Adapun dampak buruk akibat kurang tidur terangkum dalam beberapa poin di bawah ini. Sehingga dengan mengetahui dampak kurang tidur dapat membuat diri lebih waspada terhadap risiko kesehatan tertentu yang dapat dipicu akibat kurang tidur. Berikut 7 dampak buruk akibat kurang tidur bagi tubuh.

 

1. Pengaruhi Sistem Kekebalan Tubuh

Dampak buruk akibat kurang tidur salah satunya dapat memengaruhi sistem kekebalan tubuh. Seperti diketahui sistem kekebalan tubuh sangat penting dimiliki untuk melawan berbagai macam radikal bebas penyebab penyakit. Sistem imunitas yang lemah dapat berisiko membuat tubuh lebih rentan terserang penyakit baik virus ataupun bakteri.

Untuk itulah mencukupi kebutuhan istirahat menjadi salah satu faktor penting mempertahankan sistem kekebalan tubuh. Sebab seperti mengutip dari healhtline.com, saat tidur tubuh akan menghasilkan antibodi dan sitokin yang berperan penting pada sistem kekebalan tubuh. Berkurangnya waktu tidur tentunya dapat memengaruhi sistem kekebalan tubuh hingga berisiko meningkatkan penyakit tertentu salah satunya jantung.

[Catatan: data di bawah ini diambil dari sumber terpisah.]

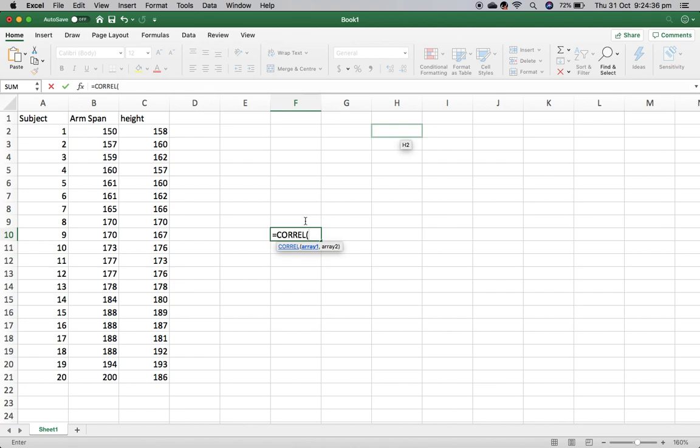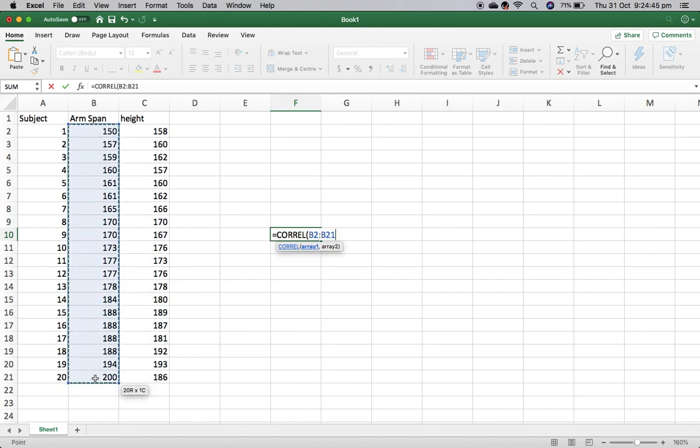This is really important, so feel free to replay the video a few times to understand it. Once I have my brackets, I'm going to go through and highlight my first set of data. This is my arm span, and as you can see down here, it's got array 1.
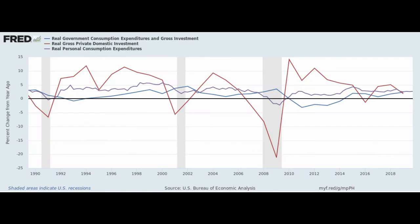While consumption makes up 70% of the U.S. economy, most of the volatility in the economy is driven by changes in private domestic investment, with investment declining substantially during economic downturns. That lost investment represents a lost opportunity to grow the economy, and is precisely why some downturns can permanently change the future trajectory of the economy.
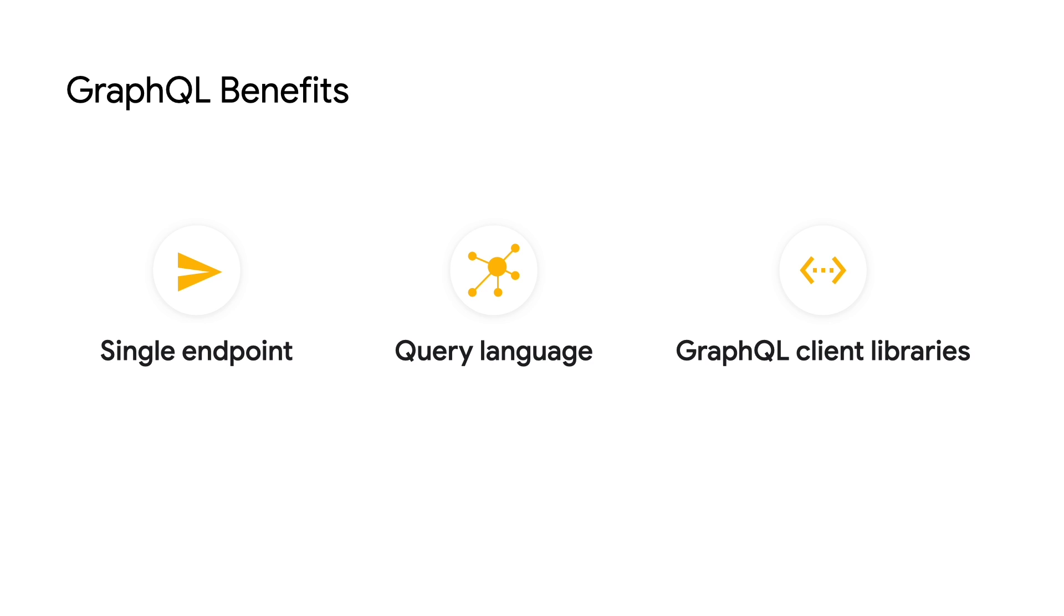Secondly, the real strength is in the query language. You can declare which schemas you want the data from and the format of that data, which prevents overfetching and underfetching of data.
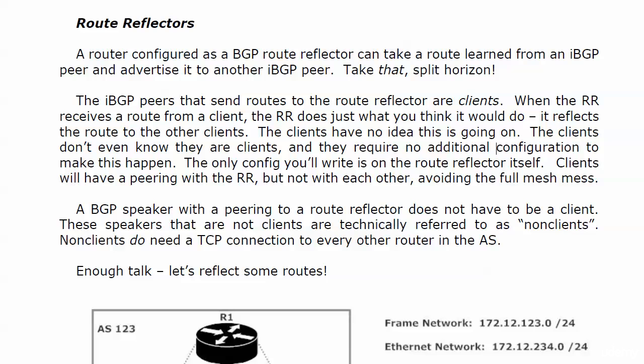The time has come to stop talking about all these little problems we can have with BGP and split horizon and these restrictive rules, and start solutioning them. We're going to do that here with route reflectors, because a router configured as a BGP route reflector can take a route learned from an internal peer and advertise it to another internal peer.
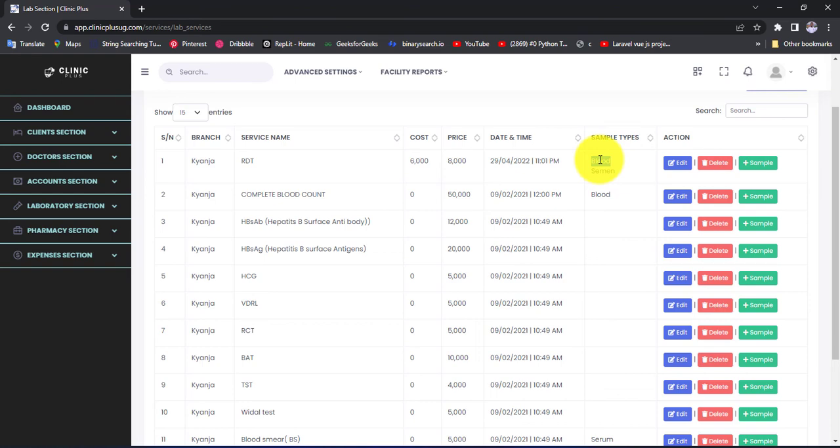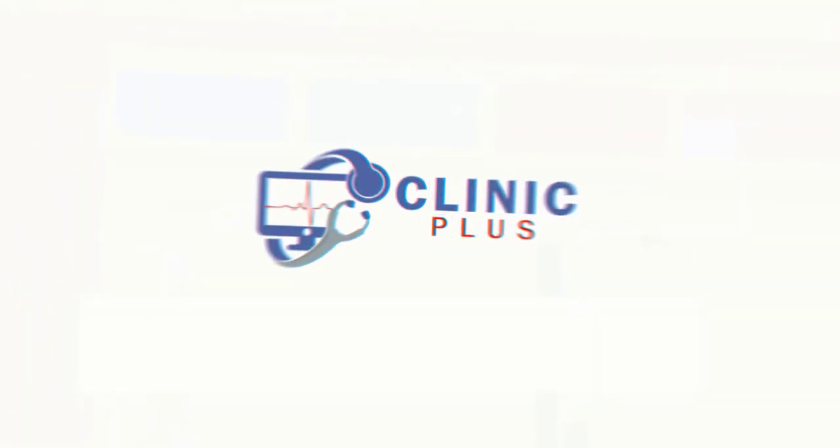The sample types will be displayed right here. So that's how we add lab services into ClinicPlus software. Let us meet in our next video.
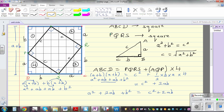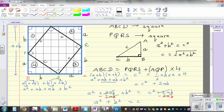We have 2AB on both sides, so we can take away 2AB from both sides. This cancels out, and we have proved A squared plus B squared is equal to C squared. This is the Pythagorean theorem, proved using two squares, one inside the other.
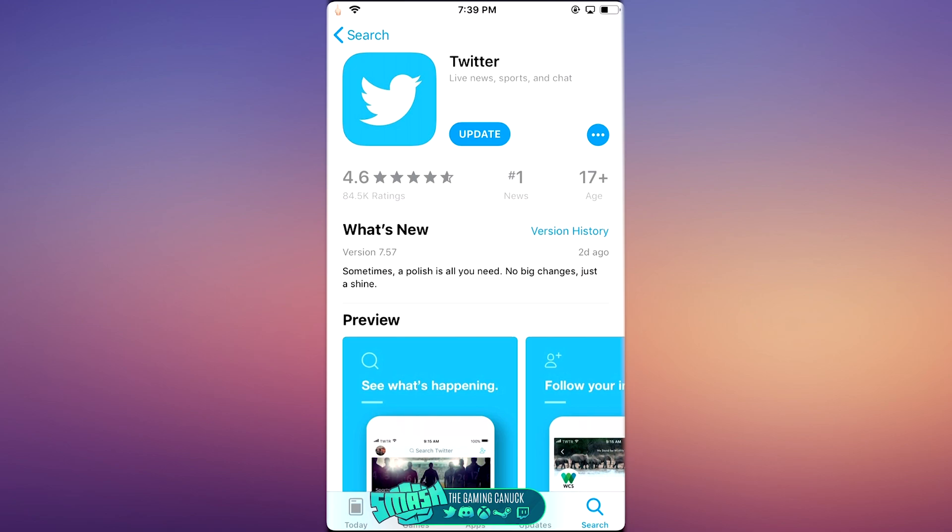So I hope you guys enjoyed this. This is how you can downgrade an application on a jailbroken device. Peace out.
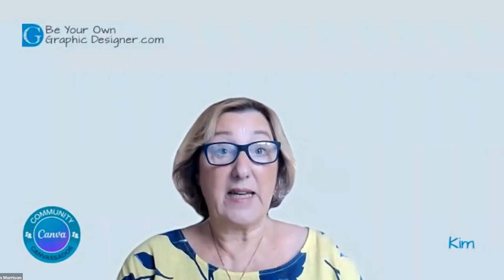Hi, today I want to do some back to basics training and look at how you group elements and text in Canva. I'm Kim from Be Your Own Graphic Designer and a Canva Canvassator. Let's go to my screen and take a look at how you do this.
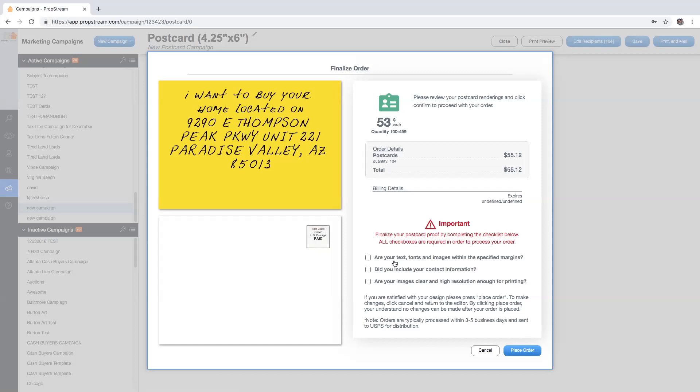Finally, you'll be able to place your order and we'll go ahead and send out your postcards to the addresses directly.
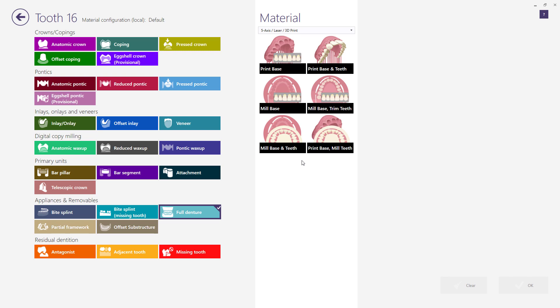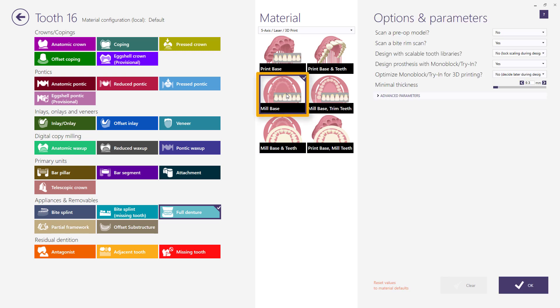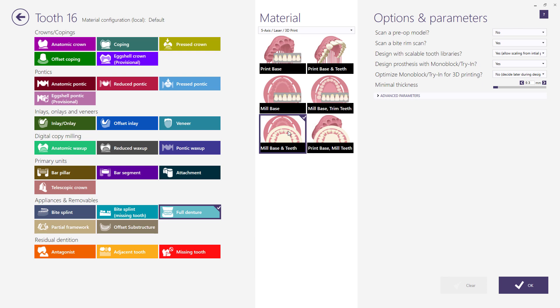For milling technology, you can choose mill base if you only want to mill the base and use denture stock teeth. Mill base and teeth if you want to mill base and teeth. And mill base trim teeth when base will be milled with tooth pockets intersecting the model and the denture stock teeth will be trimmed accordingly to fit on the base.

2. Pengaruhi Kesehatan Kulit

Dampak buruk akibat kurang tidur selanjutnya adalah dapat memengaruhi penampilan. Salah satunya terdapat pada kesehatan kulit yang memiliki peran penting sebagai penunjang penampilan. Seperti mengutip dari webmd.com, kurang tidur berefek pada kesehatan dan kondisi kulit. Diantaranya membuat kulit mengalami penuaan dini. Sehingga memunculkan sejumlah masalah kulit seperti terlihat kusam, muncul garis-garis halus, dan lingkaran hitam di bawah mata.

Apabila kurang tidur secara tidak langsung tubuh akan melepaskan terlalu sedikit hormon pertumbuhan manusia dan lebih banyak hormon stres kortisol. Sehingga dapat memengaruhi kondisi kulit termasuk produksi kolagen dan protein yang berperan penting menjaga kulit tetap sehat.

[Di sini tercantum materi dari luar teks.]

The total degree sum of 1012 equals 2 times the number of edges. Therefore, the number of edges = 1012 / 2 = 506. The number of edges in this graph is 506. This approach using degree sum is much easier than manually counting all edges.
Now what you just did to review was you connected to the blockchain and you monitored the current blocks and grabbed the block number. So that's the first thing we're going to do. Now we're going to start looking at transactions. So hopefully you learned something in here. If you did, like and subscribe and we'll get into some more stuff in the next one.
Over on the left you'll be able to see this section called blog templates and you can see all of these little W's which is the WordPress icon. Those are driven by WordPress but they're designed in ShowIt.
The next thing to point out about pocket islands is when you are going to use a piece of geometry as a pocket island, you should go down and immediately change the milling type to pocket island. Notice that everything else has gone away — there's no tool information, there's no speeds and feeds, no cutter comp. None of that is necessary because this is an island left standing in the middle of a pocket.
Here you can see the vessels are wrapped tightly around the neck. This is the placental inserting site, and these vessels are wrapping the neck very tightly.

3. Ganggu Sistem Pencernaan

Dampak buruk akibat kurang tidur yang lainnya juga dapat mengganggu kesehatan sistem pencernaan. Sebab kurang tidur diyakini dapat meningkatkan berat badan berlebih. Kondisi tersebut dapat terjadi dengan alasan saat tidur tubuh akan memproduksi hromn leptin dan ghrelin yang berperan pada pengendalian nafsu makan. Namun seperti mengutip dari healhtline.com, kurang tidur dapat merangsang otak meningkatkan ghrelin yang berperan pada pengendalian nafsu makan.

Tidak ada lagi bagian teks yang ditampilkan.